Más de ocho millones de cubanos están llamados el 21 de octubre a las urnas para elegir unos 14.500 delegados (concejales) a las 168 asambleas municipales del Poder Popular, en unos comicios que tienen lugar cada dos años y medio.

En esta ocasión se inscriben en el proceso de elecciones generales que seguirán en 2013 para designar -como se hace en este caso cada cinco años- a los miembros de las asambleas provinciales y a los diputados de la nacional (parlamento unicameral), lo que culminará con la previsible reelección de Raúl Castro como presidente del país.

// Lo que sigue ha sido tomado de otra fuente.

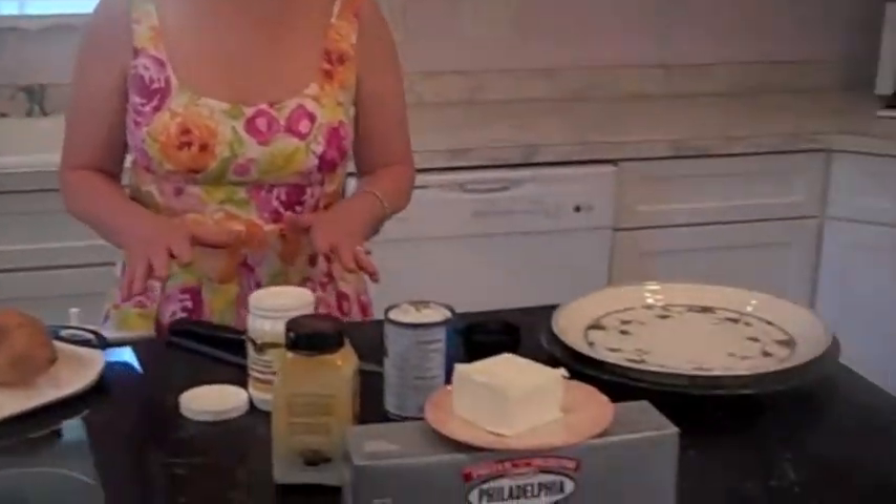Hi everyone, my name is Diane Ashtown and I'm from Hilton Head Island, South Carolina. Today I want to make you one of the dishes that my family loves involving sweet potatoes and Philadelphia cream cheese. So let's get started.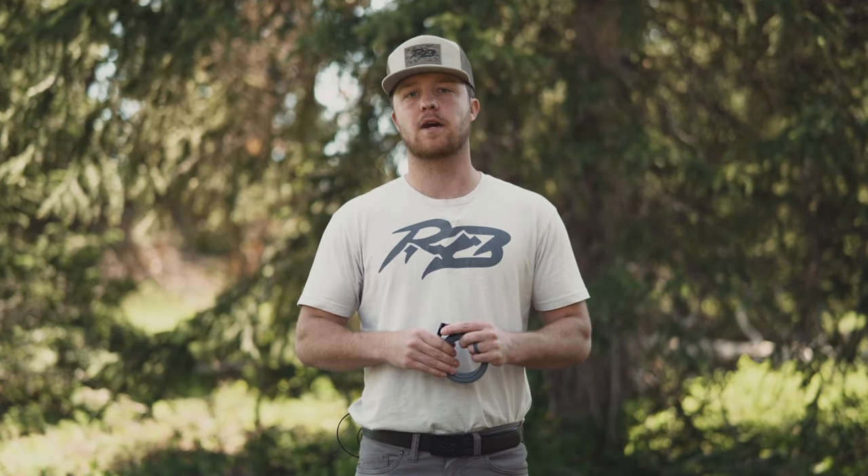It's nice knowing going into the outdoors that your belt won't snag on brush or shrink or shrivel when it gets wet. This is what sets Ridge Belts apart. Go get one for yourself at RidgeBelts.com.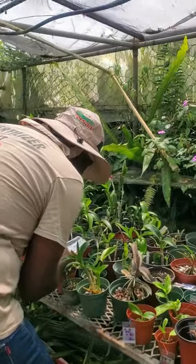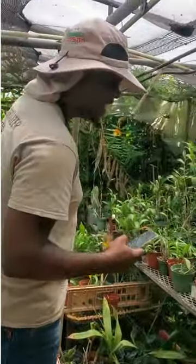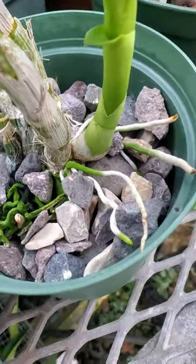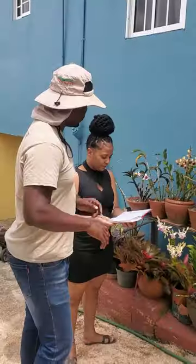Our sun is back, people! Hello. I'm seeing much better rooting compared to when we first started out, and the plants are greener than when we started out.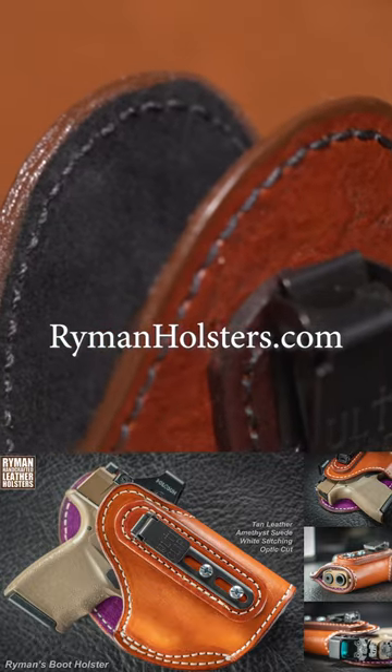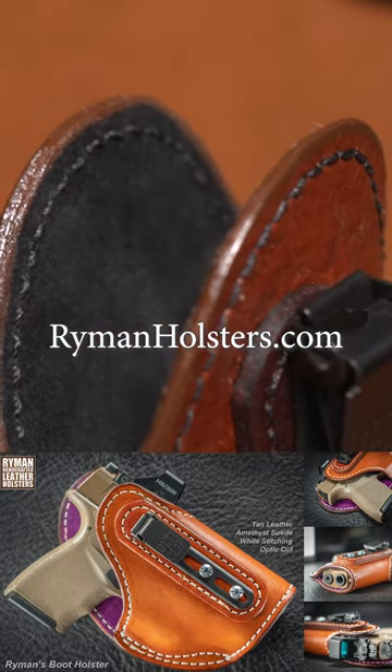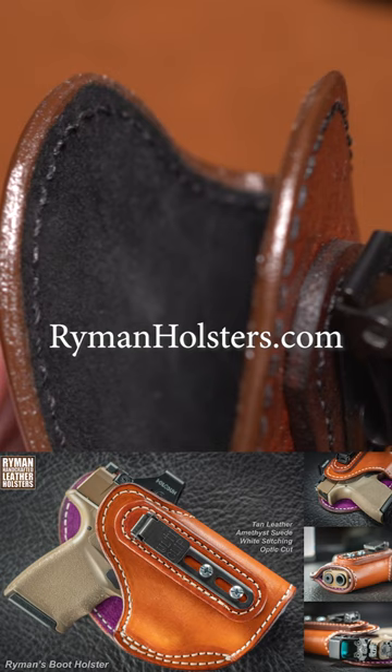For more information or to place an order, please visit my website RymanHolsters.com.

Si el general Castro cumple con el anuncio que hizo en el VI Congreso del PCC (2011) de limitar los cargos políticos a un máximo de dos mandatos consecutivos de cinco años, la próxima sería su última gestión presidencial.

En cualquier caso, las elecciones del domingo se ciñen al ámbito local y, como es habitual en la isla, llegan sin partidos de oposición y sin más "campaña" que la exhibición en lugares públicos de las biografías y fotografías de los candidatos.

En los últimos días los medios de comunicación cubanos (todos controlados por el estado) han informado sobre los preparativos formales de este proceso, como la selección y "capacitación" de las autoridades electorales o la puesta a punto de los 29.500 colegios que abrirán el domingo entre las siete de la mañana y las seis de la tarde.

"El pueblo, protagonista del fortalecimiento de nuestra democracia socialista", tituló hoy en su portada el diario Granma, portavoz del partido comunista, a propósito de la votación.

En esta ocasión, destaca el diario, las elecciones están marcadas por las transformaciones que se están ensayando en la administración municipal para delimitar las funciones de las asambleas de las de los consejos y separar las funciones estatales y las empresariales.

Para la disidencia interna los comicios en Cuba son una "simulación" porque "no hay elecciones libres si no hay personas, ciudadanos, mujeres y hombres libres".

Así se expresó el fallecido disidente Oswaldo Payá, miembro del Movimiento Cristiano Liberación (MCL), el pasado 20 de julio -dos días antes del accidente en el que murió- en un escrito que su grupo hizo llegar el jueves en La Habana a medios extranjeros.

Tras la votación del domingo, el 28 de octubre habrá una segunda vuelta en aquellas circunscripciones donde ningún candidato haya obtenido más del 50 % de los votos válidos emitidos.

En Cuba, pueden votar todos los cubanos mayores de 16 años y con derecho a sufragio.